A suspensão do mandato do deputado Eduardo Cunha (PMDB-RJ) e seu consequente afastamento da presidência da Câmara, conforme decidido na manhã de ontem pelo ministro do Supremo Tribunal Federal (STF) Teori Zavascki, pôs um freio na trajetória deletéria desse político que nunca fez outra coisa senão usar seu profundo conhecimento do Regimento da Câmara e seu poder institucional para auferir ganhos pessoais e escapar da adequada punição pelos delitos que lhe são imputados. Seu notório desprezo pela lei e pela Justiça conspurcava a democracia.
A liminar de Teori, tomada a partir de requerimento da Procuradoria-Geral da República, foi submetida ao plenário do STF ainda ontem e confirmada, mesmo com Cunha, catedrático em arranjos e conchavos, arregimentando colegas parlamentares para criar um movimento contra a decisão, invocando a independência do Legislativo. Não se sabe que cartas Cunha ainda pode ter na manga, mas ficou claro ontem que seus dias de impunidade na Câmara estão contados.
Decerto não foi fácil a decisão de Teori. Nunca é desejável, por melhores que sejam as intenções, que um Poder da República interfira em outro. Ao determinar que Cunha não pode exercer seu mandato e, portanto, está impedido de presidir a Câmara, Teori invocou a urgência do momento: “Em situações de excepcionalidade, em que existam indícios concretos a demonstrar riscos de quebra da respeitabilidade das instituições, é papel do STF atuar para cessá-los, garantindo que tenhamos uma república para os comuns, e não uma comuna de intocáveis”.
A “situação de excepcionalidade” a que Teori se referiu é conhecida de todos. Com o provável impeachment da presidente Dilma Rousseff e sua substituição pelo vice Michel Temer, Cunha, como presidente da Câmara, passaria a ser o primeiro na linha sucessória da Presidência. Como o deputado tem contra si um sem-número de acusações de corrupção, o País se veria na perigosa situação de ser presidido, na ausência de Temer, por um réu do Supremo. Eis aí um dos riscos de “quebra da respeitabilidade das instituições” à qual se referiu o ministro. Para Teori, “não há a menor dúvida de que o investigado não possui condições pessoais mínimas para exercer, neste momento, na sua plenitude, as responsabilidades do cargo de presidente da Câmara dos Deputados, pois ele não se qualifica para o encargo de substituição da Presidência da República”.
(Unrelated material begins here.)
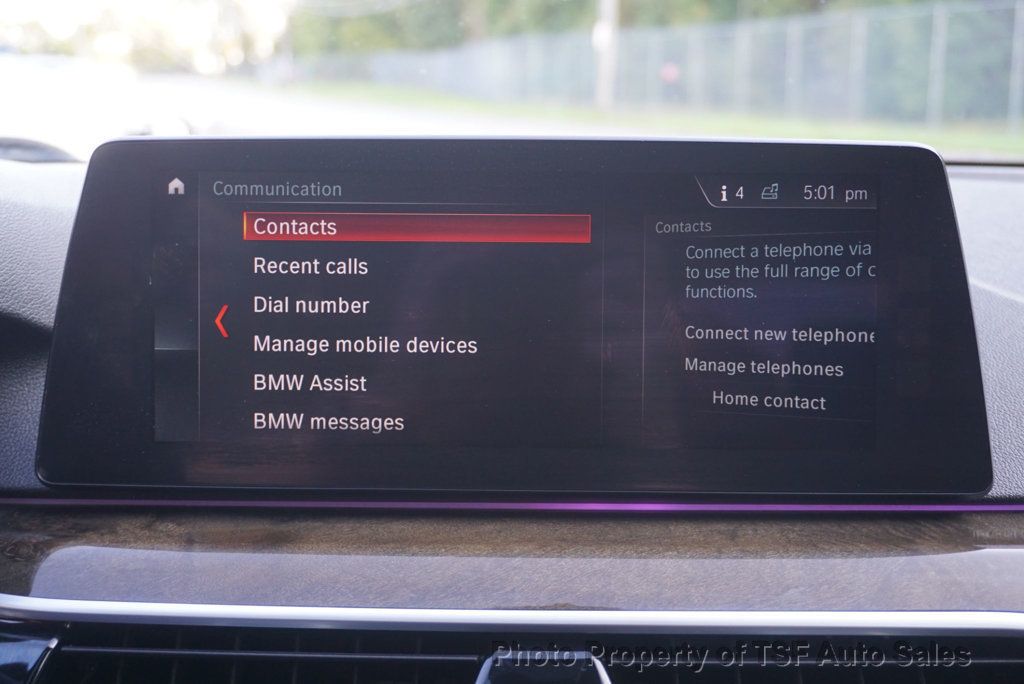 2017 BMW 5 Series 530i xDrive HUD NAVI 360 CAMERAS DRIVE ASSIST COLD WEATHER  - 23095028 - 21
O outro risco a que aludiu Teori era a desmoralização completa da Câmara, refém das manobras de Cunha para obter “fins ilícitos e vantagens indevidas”, conforme a acusação da Procuradoria-Geral, e também para manter seu mandato. A Procuradoria-Geral relacionou 11 argumentos para embasar sua petição, a maioria dos quais relacionada a casos de uso do mandato de deputado e do cargo de presidente da Câmara para cobrar propinas, intimidar desafetos e obstruir investigações.
Por esse motivo, a Procuradoria-Geral entendeu que não bastava afastar Cunha da linha sucessória da Presidência, como pretendia um requerimento enviado pelo partido Rede ao Supremo. Era preciso afastá-lo também da presidência da Câmara – função que ele tem usado para inviabilizar seu processo de cassação – e de seu mandato, uma vez que Cunha é acusado de se valer de sua condição de deputado para delinquir. Teori aceitou o argumento.
Ao fazê-lo, o ministro sabia que poderia ser acusado de interferir em outro Poder. Ele enfrentou a questão argumentando que tanto o mandato parlamentar quanto o cargo de presidente da Câmara não podem “servir de anteparo para a frustração da jurisdição penal”.
Em sua deliberação, Teori sublinhou que se tratava de “situação extraordinária, excepcional e, por isso, pontual e individualizada”. Essa situação é a evidente tentativa de Eduardo Cunha de sequestrar a Câmara para continuar impune, o que exigiu do Supremo uma atitude que o Legislativo, manietado por espertalhões, se mostrou incapaz de tomar. A urgência de restaurar a dignidade da Câmara e o respeito à lei se sobrepôs ao risco institucional que a interferência de um Poder sobre outro acarreta. Afinal, como escreveu Teori, “os Poderes da República são independentes entre si, mas jamais poderão ser independentes da Constituição”.